Oct 6, 2008

Business - India;Reliance may merge retail artms to beat slowdown

Faced with a difficult retail environment and on the lookout for a winning formula, Reliance Industries is mulling the merger of its diff erent formats to make its retail arm more efficient.The company is considering merging the management of hypermarkets (Reliance Hypermart), supermarkets (Reliance Super) and convenience formats (Reliance Fresh) just a year after these formats started as separate profit centres , according to people familiar with the development. The idea of the merger is still at a conceptual stage and the company hasn’t taken a final decision. A Reliance spokesperson denied that the company was proposing any move to merge its three formats. Reliance Retail, which operates around 650 stores under different formats, has already taken several measures to cut operational cost, ranging from rationalising manpower to cutting office expenses. It has also reduced by almost one-third the size of its hypermarket in Ahmedabad.

The merger of three formats will potentially kick in economies of scale and help the company rationalise its human resources, thereby bringing down overall recurring expenditure. Sources said the company is close to taking the first step in this regard by merging the respective IT and HR functions of Reliance Super and Reliance Hyper. Lack of experience in retail adds to Reliance’s woes Sources say the company’s decision a year ago to have all three formats as separate profit centres was aimed at bringing in higher efficiency and more accountability. Three formats , even if they offered several similar products, targeted different audience and needed to have separate strategies, the company had felt then but it is now re-examining this. India’s potentially multi-billion dollar retail industry has attracted mammoth interest from Indian and overseas corporate heavyweights in the past few years. Reliance too jumped on the retail bandwagon two years ago with a bigbang announcement. The outlook for the retail sector, however, has changed since then. Lack of experience in retail has only added to Reliance’s woes.

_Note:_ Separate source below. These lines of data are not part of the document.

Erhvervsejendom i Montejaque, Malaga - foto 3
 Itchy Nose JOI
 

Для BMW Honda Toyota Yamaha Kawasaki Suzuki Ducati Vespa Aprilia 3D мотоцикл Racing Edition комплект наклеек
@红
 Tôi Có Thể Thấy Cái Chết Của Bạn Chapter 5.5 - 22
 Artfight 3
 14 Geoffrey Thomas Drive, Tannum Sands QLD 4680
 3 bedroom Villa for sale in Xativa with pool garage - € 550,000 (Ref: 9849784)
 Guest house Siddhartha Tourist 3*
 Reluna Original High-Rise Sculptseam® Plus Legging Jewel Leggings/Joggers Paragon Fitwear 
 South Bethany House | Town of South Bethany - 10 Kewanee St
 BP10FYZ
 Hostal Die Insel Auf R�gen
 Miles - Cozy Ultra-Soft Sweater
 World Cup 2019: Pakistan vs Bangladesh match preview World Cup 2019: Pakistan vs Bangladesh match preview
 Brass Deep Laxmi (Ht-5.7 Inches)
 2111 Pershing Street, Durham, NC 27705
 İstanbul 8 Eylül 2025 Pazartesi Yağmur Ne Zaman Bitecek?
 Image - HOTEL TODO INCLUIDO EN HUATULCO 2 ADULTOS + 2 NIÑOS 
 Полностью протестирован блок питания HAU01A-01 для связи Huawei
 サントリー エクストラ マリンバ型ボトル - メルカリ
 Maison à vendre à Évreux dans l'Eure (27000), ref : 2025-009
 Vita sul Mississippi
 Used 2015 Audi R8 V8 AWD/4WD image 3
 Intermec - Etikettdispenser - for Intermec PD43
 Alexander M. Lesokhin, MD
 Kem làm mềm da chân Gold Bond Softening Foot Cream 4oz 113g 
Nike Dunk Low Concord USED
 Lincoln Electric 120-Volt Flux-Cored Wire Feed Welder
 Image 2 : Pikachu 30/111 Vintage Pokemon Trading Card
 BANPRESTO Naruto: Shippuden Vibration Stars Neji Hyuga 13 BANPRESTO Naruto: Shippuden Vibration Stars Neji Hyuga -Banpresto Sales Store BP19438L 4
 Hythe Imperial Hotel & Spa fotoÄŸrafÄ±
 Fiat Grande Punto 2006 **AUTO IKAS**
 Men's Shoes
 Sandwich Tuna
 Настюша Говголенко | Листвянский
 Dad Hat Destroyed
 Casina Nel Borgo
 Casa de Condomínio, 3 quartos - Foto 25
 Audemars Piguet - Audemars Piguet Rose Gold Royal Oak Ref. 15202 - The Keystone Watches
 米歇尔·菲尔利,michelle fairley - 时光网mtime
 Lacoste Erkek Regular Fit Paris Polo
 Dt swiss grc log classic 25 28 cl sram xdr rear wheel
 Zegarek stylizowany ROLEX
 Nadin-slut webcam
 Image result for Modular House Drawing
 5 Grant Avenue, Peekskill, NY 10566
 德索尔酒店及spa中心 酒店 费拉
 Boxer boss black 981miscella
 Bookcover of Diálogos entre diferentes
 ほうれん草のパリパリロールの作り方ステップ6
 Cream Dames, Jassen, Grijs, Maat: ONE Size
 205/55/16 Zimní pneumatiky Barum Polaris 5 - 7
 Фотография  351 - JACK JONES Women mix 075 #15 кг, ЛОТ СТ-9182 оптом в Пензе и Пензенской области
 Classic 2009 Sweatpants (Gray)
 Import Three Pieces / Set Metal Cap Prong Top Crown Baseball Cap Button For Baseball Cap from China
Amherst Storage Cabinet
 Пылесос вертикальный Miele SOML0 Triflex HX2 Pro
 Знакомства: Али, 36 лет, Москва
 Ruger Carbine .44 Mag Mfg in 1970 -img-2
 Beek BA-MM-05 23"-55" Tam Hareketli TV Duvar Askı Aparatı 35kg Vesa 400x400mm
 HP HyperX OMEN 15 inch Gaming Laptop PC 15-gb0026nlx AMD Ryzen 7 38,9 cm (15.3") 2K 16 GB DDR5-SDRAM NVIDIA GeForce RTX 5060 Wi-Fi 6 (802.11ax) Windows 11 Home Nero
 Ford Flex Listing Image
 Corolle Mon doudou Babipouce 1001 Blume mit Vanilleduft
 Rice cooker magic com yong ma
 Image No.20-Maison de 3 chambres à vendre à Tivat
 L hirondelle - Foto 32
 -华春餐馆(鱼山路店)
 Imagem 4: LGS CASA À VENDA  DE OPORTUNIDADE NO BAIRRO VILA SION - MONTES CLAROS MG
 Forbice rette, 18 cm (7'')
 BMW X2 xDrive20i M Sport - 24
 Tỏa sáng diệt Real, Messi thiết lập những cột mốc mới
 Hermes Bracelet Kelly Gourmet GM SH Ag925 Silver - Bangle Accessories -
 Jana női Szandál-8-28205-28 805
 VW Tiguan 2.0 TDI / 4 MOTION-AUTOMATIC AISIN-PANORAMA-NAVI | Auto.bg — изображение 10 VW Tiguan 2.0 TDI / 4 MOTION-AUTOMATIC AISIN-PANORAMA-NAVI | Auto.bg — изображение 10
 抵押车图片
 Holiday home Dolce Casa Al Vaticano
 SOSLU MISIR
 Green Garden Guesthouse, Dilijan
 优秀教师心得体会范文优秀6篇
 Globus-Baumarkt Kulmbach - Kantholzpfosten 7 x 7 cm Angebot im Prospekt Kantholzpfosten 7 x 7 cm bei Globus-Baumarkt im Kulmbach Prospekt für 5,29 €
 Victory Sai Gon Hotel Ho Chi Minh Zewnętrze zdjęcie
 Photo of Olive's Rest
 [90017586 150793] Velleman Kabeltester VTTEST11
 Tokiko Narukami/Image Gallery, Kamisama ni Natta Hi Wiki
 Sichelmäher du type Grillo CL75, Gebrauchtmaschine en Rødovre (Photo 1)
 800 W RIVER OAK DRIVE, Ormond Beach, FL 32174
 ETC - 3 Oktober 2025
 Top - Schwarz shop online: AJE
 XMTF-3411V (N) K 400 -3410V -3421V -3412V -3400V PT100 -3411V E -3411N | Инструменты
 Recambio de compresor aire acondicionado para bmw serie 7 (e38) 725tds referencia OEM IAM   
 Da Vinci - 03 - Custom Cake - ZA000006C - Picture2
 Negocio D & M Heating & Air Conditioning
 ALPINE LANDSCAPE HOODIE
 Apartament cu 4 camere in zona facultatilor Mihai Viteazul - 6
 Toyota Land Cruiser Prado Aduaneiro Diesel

The company though is not alone in battling a tough time in retail industry. A 16-year-high inflation, high interest rate, slowing Indian economy and the world teetering on the brink of recession is spelling trouble for domestic retailers. They have been struggling to keep up sales even at the cost of losing a fair share of their margins. Due to this, despite its financial muscle and ability to attract the best talent in the industry, Reliance has, in its short journey in retail, regularly kept revising strategies. The biggest strategic shift has been its decision to forge joint ventures in over half-a-dozen speciality formats and logistics spaces. Unlike other retailers, which have been more cost-conscious, Reliance is said to have been more extravagant and possibly because of that, sources say, it may be forced to take stricter measures. The company has had more employees than required on its payrolls, augmenting its costs. However, Reliance is also more capable of withstanding difficulties.